## The right way to measure information content
Claude Shannon claimed that the right way to define *the information content of an outcome* $x=a_i$ for an ensemble $X$ is
$
\begin{aligned}
h(x=a_i) &= \log_2 \frac{1}{P(x=a_i)}\\
&= -\log_2 P(x=a_i).
\end{aligned}
$
An ensemble is defined as $X = \{x, A_x, P_x\}$ where:
- $x$ is a random variable
- $A_x = \{a_1, a_2, a_3, \ldots, a_i\}$ is the set of possible outcomes
- $P_x = \{p_1, p_2, p_3, \ldots, p_i\}$ is the set of probabilities
such that $p(x=a_i) = p_i$ and $\sum_i p_i=1, p_i \ge 0$.
>[!note] The information content is additive
> If we consider a joint distribution of two indepedent variables $P(X,Y)$, the information content is **additive**.

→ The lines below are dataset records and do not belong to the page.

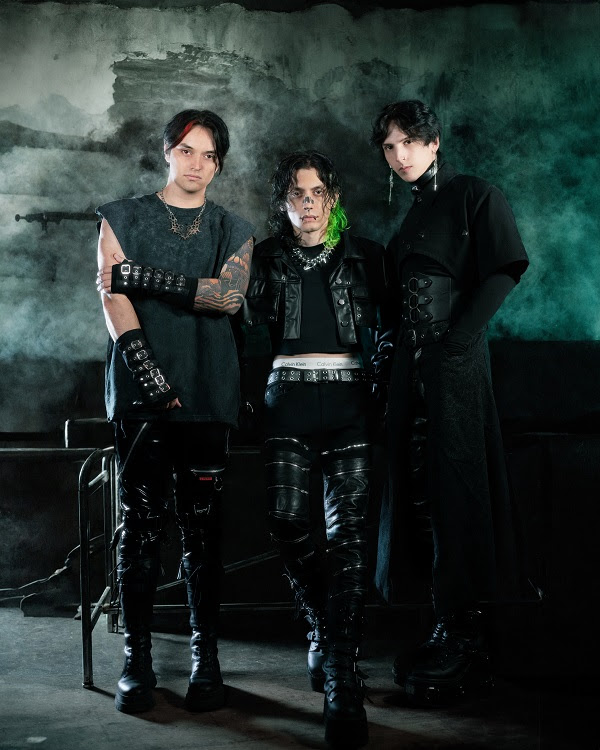 TSS will release their new album END OF TIME, out June 27 via Fearless.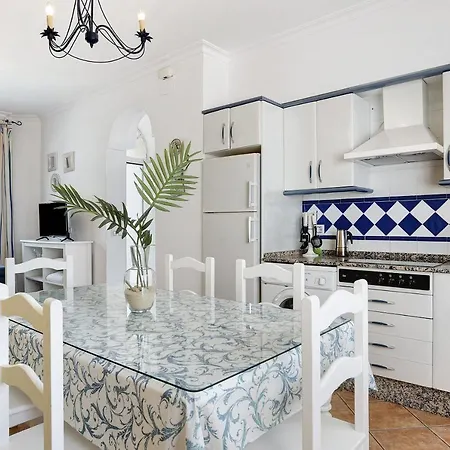 Fuente3 Piscina Comun Famila * Коніль-де-ла-Фронтера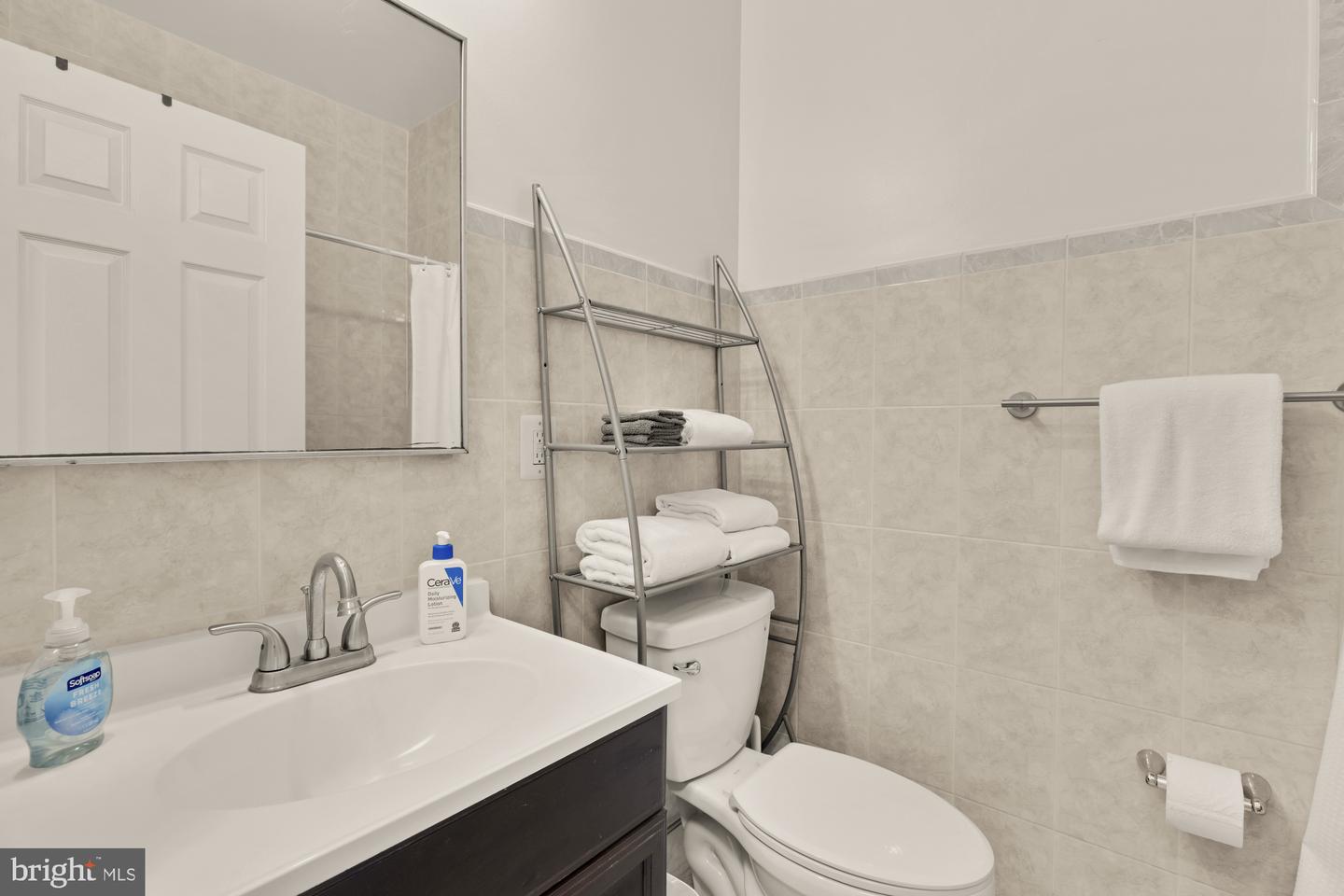 1605 ISHERWOOD ST NE, WASHINGTON, District Of Columbia 20002, 8 Bedrooms Bedrooms, ,4 BathroomsBathrooms,Residential,For sale,1605 ISHERWOOD ST NE,DCDC2210304 MLS # DCDC2210304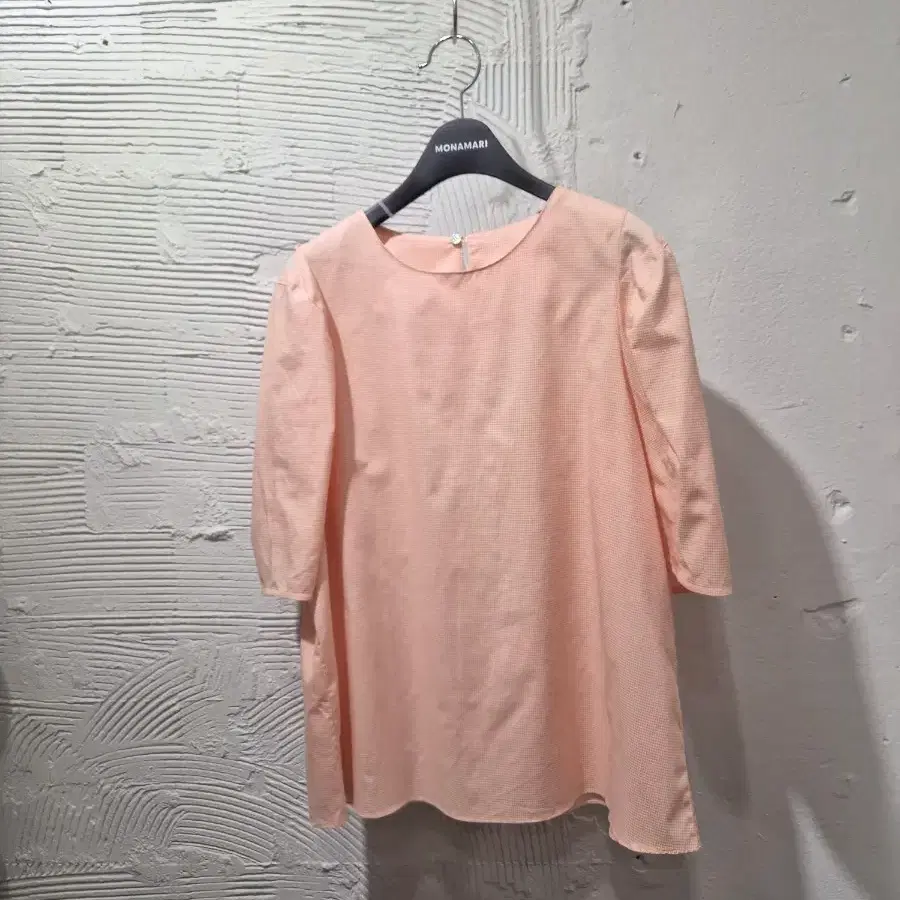 리플레인 연주황 잔체크 볼륨소매 블라우스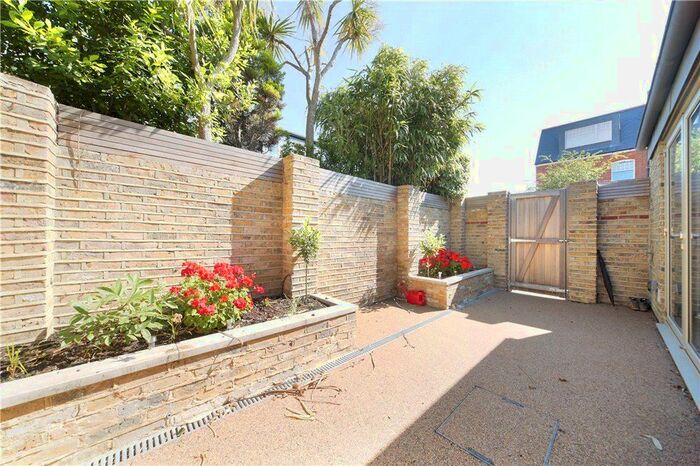 2 Bedroom Flat To Rent In Upper Tooting Park, Tooting, SW17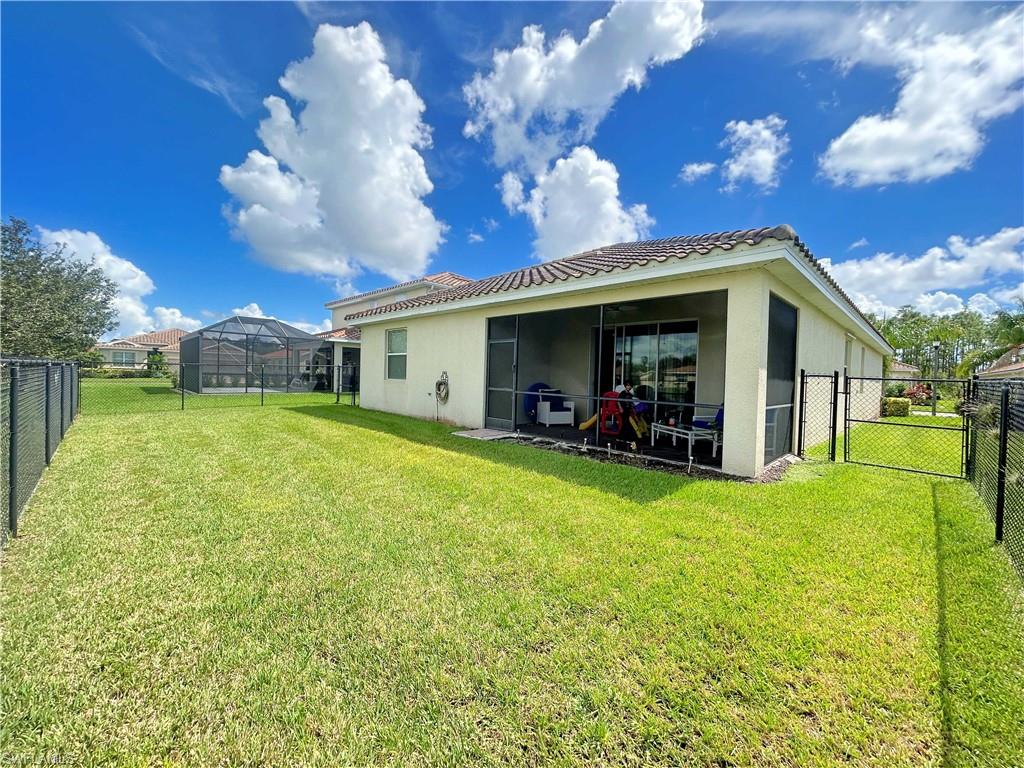 2571 Laurentina Ln Property Photo 10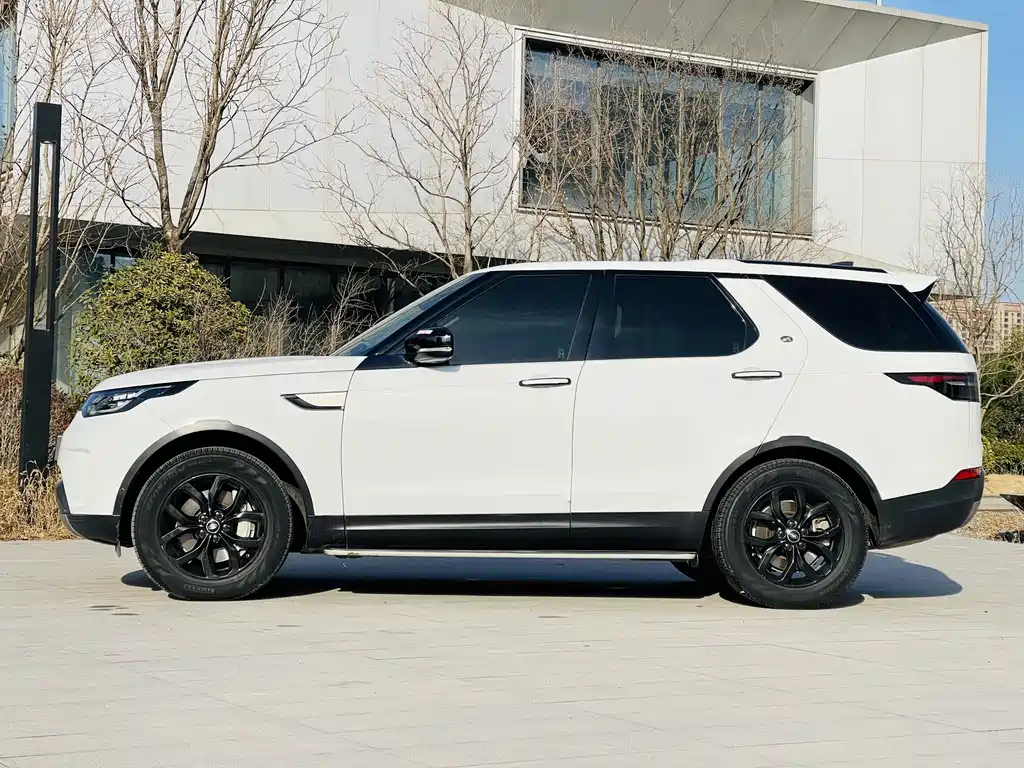 Land Rover Discovery 2020 — фото 17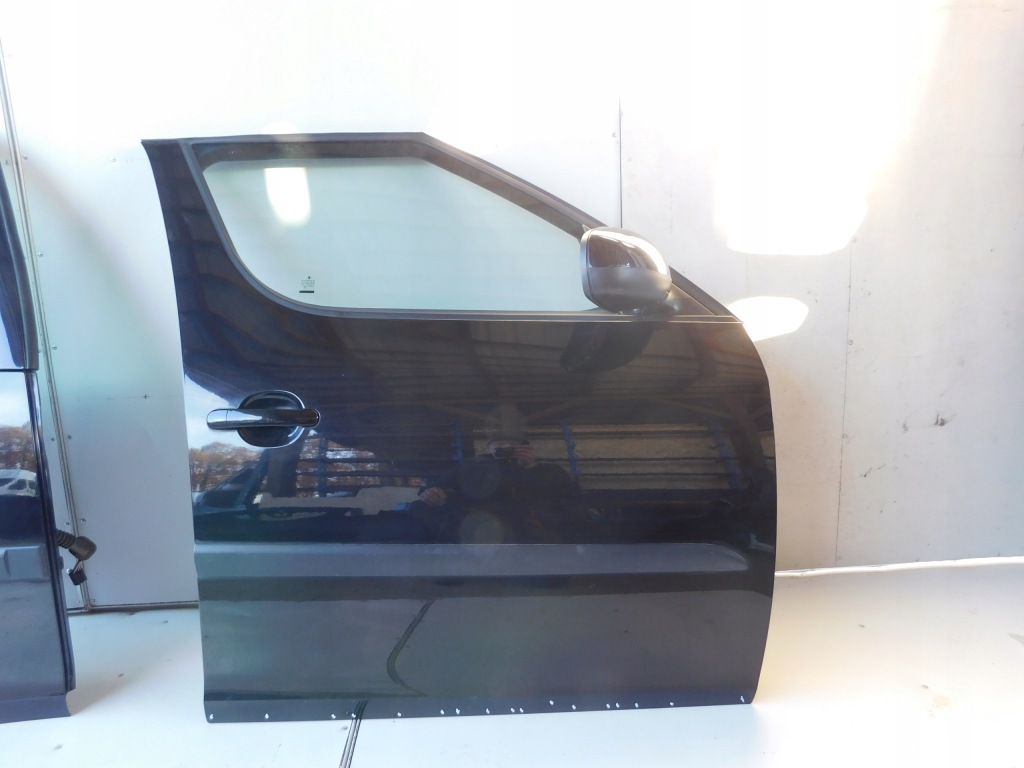 фото №1, Дверь правый перед skoda roomster 06-15 m-ód poznań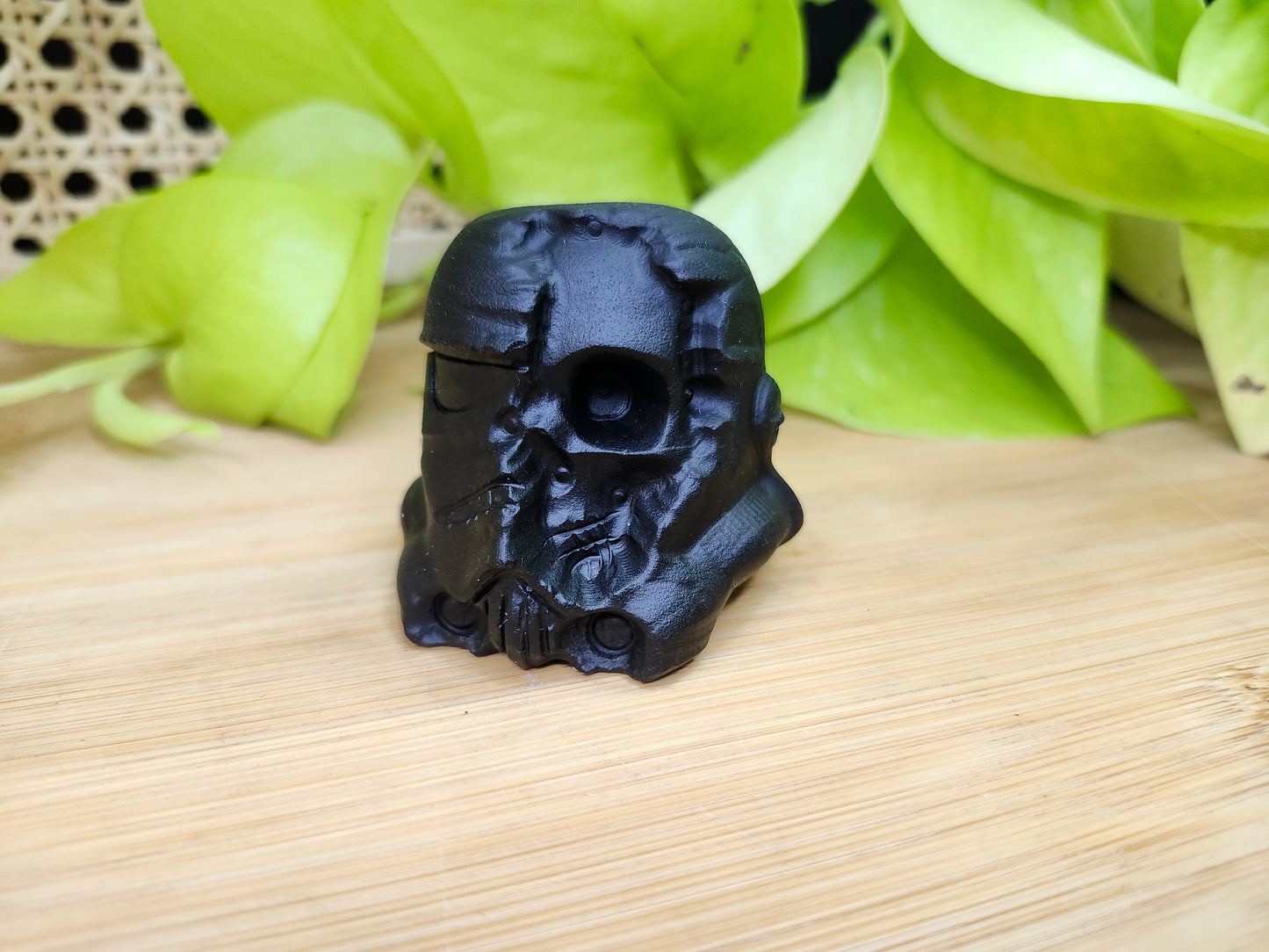 STORM TROOPER SKULL BLACK OBSIDIAN (CARVING)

For an esenmble $XY$ such that an event is a pair of independent random variables $x, y$ with probability $P(x,y) = P(x)P(y)$, the entropy of one outcome is defined as:
$
\begin{aligned}
h(x=a,y=b) &= \log_2 \frac{1}{P(x=a,y=b)}\\
&= \log_2 \frac{1}{P(x=a)} + \log_2 \frac{1}{P(y=b)}
\end{aligned}
$
This means that the information content of the joint outcome of two independent events is the sum of the information content of each independent event. For example, the toss of a coin and the wheather outside are independent: the information content of both outcomes is the sum of each.
## The information content of an ensemble is its Entropy
In *Information Theory*, the notion of *entropy* is used all over the place. This quantity defines **the average information content** (or element of surprise) in the transmission of information. It is defined for a probability distribution as
$
H(X) = \sum_{x_i} P(X=x_i) \log_2 \frac{1}{P(X=x_i)}
$
where $P(X=x_i)$ is the probability of event $x_i$ to occur, given the PDF/PMF $p(X)$ (see [[Probabilities 101]] for the PDF and PMF).
A distribution with relatively spread out probability mass (information) has an exponentially higher entropy than one with all its mass concentrated around a single point.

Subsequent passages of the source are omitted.